Handling Platform Differences in Snapshots
Source:vignettes/snapshot-tolerance.Rmd
snapshot-tolerance.RmdThe problem: floating-point noise across platforms
Numerical computations in R can produce results that differ at very
high decimal places depending on the platform, compiler, or the version
of libraries like BLAS/LAPACK. For example, a centering attribute from
scale() might be 2.41e-17 on one machine and
1.63e-17 on another — both are effectively zero, but a
naïve snapshot comparison treats them as different.
resultcheck provides two complementary mechanisms to
handle this:
-
[ignored]line markers — mark specific lines in a snapshot file as known discrepancies that should always be skipped. -
snapshot.precisioninresultcheck.yml— round all floating-point numbers to a fixed number of decimal places before comparing or storing snapshots.
Feature 1: [ignored] line markers
How it works
Open any .md snapshot file under
_resultcheck_snapshots/ and replace the entire content of a
volatile line with the literal text [ignored]. On every
subsequent run, that line position is masked before the comparison takes
place, so differences there will never trigger a failure. When you
update a snapshot interactively, the [ignored] markers are
automatically preserved in the new file.
Step-by-step example
Suppose your PCA.R script produces a snapshot that
includes lines like:
..- attr(*, "scaled:center")= num 2.41e-17
..- attr(*, "scaled:center")= num 2.98e-17
and these values fluctuate slightly between platforms. Open the
snapshot file at
_resultcheck_snapshots/PCA/panel_data_pca.md and change
those specific lines to:
[ignored]
[ignored]
Save the file. The snapshot now looks like this (abbreviated):
# Snapshot: data.frame
## Structure
'data.frame': 1071 obs. of 30 variables:
...
$ us : num [1:1071, 1] NA -0.423 -0.697 ...
[ignored]
..- attr(*, "scaled:scale")= num 1.22
$ eu : num [1:1071, 1] NA -0.783 -0.711 ...
[ignored]
..- attr(*, "scaled:scale")= num 1.37From now on, run_in_sandbox("code/PCA.R", sandbox) will
not raise an error regardless of what those two lines contain in any new
run, while every other line continues to be verified.
Rules
- The entire line must be
[ignored](leading/trailing whitespace is stripped before the check, so indentation does not matter). - Lines are matched by position within the snapshot
file, so adding or removing other lines shifts the positions. If the
overall structure of the output changes materially, update the snapshot
interactively first, then re-apply the
[ignored]markers to the new file. -
[ignored]markers are preserved automatically when you update a snapshot:resultcheckcopies each[ignored]line from the stored snapshot into the freshly generated one before writing it to disk.
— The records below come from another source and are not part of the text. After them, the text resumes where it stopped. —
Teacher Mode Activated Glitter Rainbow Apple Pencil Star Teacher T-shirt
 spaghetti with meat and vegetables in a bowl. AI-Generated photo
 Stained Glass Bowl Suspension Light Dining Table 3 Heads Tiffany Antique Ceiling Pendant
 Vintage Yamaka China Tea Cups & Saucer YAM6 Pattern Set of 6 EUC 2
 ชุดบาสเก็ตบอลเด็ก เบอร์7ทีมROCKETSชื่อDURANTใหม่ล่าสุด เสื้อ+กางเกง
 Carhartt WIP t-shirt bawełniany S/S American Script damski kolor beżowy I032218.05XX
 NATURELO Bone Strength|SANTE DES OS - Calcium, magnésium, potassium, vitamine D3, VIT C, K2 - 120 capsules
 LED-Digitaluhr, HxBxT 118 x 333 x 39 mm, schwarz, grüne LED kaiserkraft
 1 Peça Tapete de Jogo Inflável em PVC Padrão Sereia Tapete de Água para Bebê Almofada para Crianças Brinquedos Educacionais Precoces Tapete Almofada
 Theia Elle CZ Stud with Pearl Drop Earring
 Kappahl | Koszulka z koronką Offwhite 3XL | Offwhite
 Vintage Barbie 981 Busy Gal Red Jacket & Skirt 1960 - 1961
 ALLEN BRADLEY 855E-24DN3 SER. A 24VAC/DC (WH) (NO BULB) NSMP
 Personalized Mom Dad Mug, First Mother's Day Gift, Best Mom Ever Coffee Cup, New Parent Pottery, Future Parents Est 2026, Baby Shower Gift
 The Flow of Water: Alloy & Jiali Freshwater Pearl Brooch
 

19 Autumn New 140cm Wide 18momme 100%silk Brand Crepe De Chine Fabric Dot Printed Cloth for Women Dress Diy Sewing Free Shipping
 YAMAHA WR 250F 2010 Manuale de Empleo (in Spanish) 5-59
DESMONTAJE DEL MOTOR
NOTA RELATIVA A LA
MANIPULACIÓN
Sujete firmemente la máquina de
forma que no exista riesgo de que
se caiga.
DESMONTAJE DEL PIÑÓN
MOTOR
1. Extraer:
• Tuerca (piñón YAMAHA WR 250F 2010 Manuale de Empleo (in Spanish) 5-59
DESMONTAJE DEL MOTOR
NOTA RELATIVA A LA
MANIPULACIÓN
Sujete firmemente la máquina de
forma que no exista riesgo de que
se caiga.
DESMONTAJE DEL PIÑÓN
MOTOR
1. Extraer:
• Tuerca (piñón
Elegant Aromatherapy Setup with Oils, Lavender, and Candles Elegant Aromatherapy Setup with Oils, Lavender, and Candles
Feature 2: Numeric precision in resultcheck.yml
How it works
Add a snapshot.precision key to the
resultcheck.yml file at the root of your project. Before
storing or comparing a snapshot, every floating-point number in the text
representation is rounded to that many decimal places. Integer-like
tokens (e.g. index ranges such as [1:1071]) are left
unchanged.
With precision: 10, both 2.41e-17 and
1.63e-17 round to 0, so the snapshots compare
as equal.
Step-by-step example
-
Add
precisiontoresultcheck.yml: Delete the outdated snapshot (or run interactively and accept the update when prompted) so that the stored file is regenerated with rounded values.
Re-run the script via
run_in_sandbox(). The comparison will now succeed whenever the effective difference is smaller than0.5 × 10^{-precision}.
Choosing a precision value
| Situation | Suggested precision |
|---|---|
Machine-epsilon noise (1e-15 to
1e-17) |
10 |
| Monte-Carlo / bootstrap variance | 4–6 |
| Monetary amounts (cents) | 2 |
A higher value is more sensitive (closer to exact comparison); a lower value is more forgiving.
Backward compatibility
If your project already has snapshot files stored before
precision was configured, resultcheck also
rounds the stored snapshot numbers during comparison.
This means setting precision will immediately suppress
floating-point noise in existing snapshots without needing to regenerate
them.
Using both features together
The two features are independent and compose naturally:
- Use
[ignored]when a line’s value is entirely unreliable across runs (e.g. a random seed, a memory address, or a platform-specific constant that carries no scientific meaning). - Use
precisionwhen values are meaningful but may differ in the last few decimal places due to floating-point arithmetic.
For the PCA example in the problem statement, either approach
resolves the failure. Using precision: 10 is the
lower-maintenance option because it requires no manual edits to snapshot
files; [ignored] offers surgical control when only a
handful of lines are volatile while the rest must be exact.